The Harris Infant Neuromotor Test (HINT) was developed as a screening tool for potential motor and cognitive developmental disorders in infants. Scoring on the HINT has been shown to be reliable, and several studies have supported the validity of the HINT. Normative values for the tool have been developed using Canadian infants. The aims of this study were (1) to further evaluate the validity of the HINT by comparing data obtained on US infants who were developing typically with data previously acquired on Canadian infants and (2) to determine the concurrent validity of the HINT with the Ages and Stages Questionnaire (ASQ). Secondary analyses of HINT scores for US white and nonwhite infants and for US infants who had parents with lower levels of education and US infants who had parents with higher levels of education (as a proxy for socioeconomic status [SES]) were conducted.
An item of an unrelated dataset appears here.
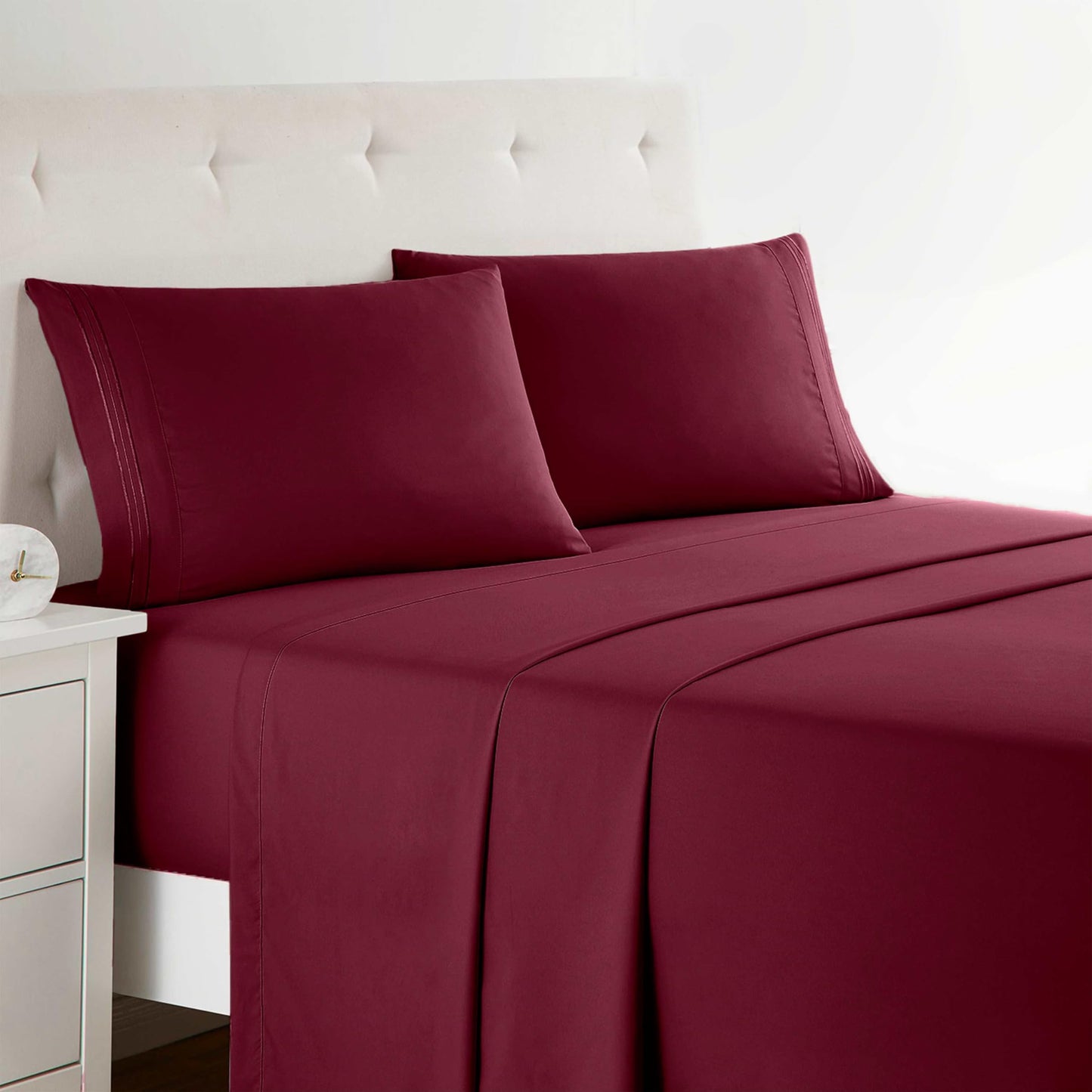 Clara Clark Bed Sheets, Premier 1800 Series 4 Piece Bed Sheet Set, Deep Pocket, Wrinkle, Fade, Stain Resistant, Luxury Soft Bedding Sheets & Pillowcases, Queen, Burgundy Red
Cross-sectional exploratory and quasi-experimental comparative research designs were used to evaluate the validity of the HINT. Sixty-seven infants from the United States who were developing typically and who were aged 2.5 to 12.5 months were recruited via convenience sampling. Sixty-four of these infants were compared with Canadian infants matched for age, sex, ethnicity or race, and parental education. The HINT was administered by raters who had been trained to attain acceptable levels of interrater reliability, and parents completed the ASQ. The HINT scores for US white versus nonwhite infants (n=46) and infants who had parents with lower SES versus a higher SES (n=52) were compared. There were no significant differences between HINT total scores for US and Canadian infants or for US racial or ethnic groups and SES groups. There were high correlations (r=-.82 to -.84) between HINT and ASQ scores. The study used a small US sample with limited geographical diversity. Small sample numbers also did not allow for comparisons of specific racial or ethnic groups. The SES groups were created primarily using parental education as a proxy for SES. The results suggest that HINT screening in the United States is supported on the basis of Canadian norms and the validity of the HINT in screening for motor and cognitive delays. Although there is preliminary support for the HINT as an appropriate screening tool for US infants who are nonwhite or who have parents with a lower SES, more research is warranted.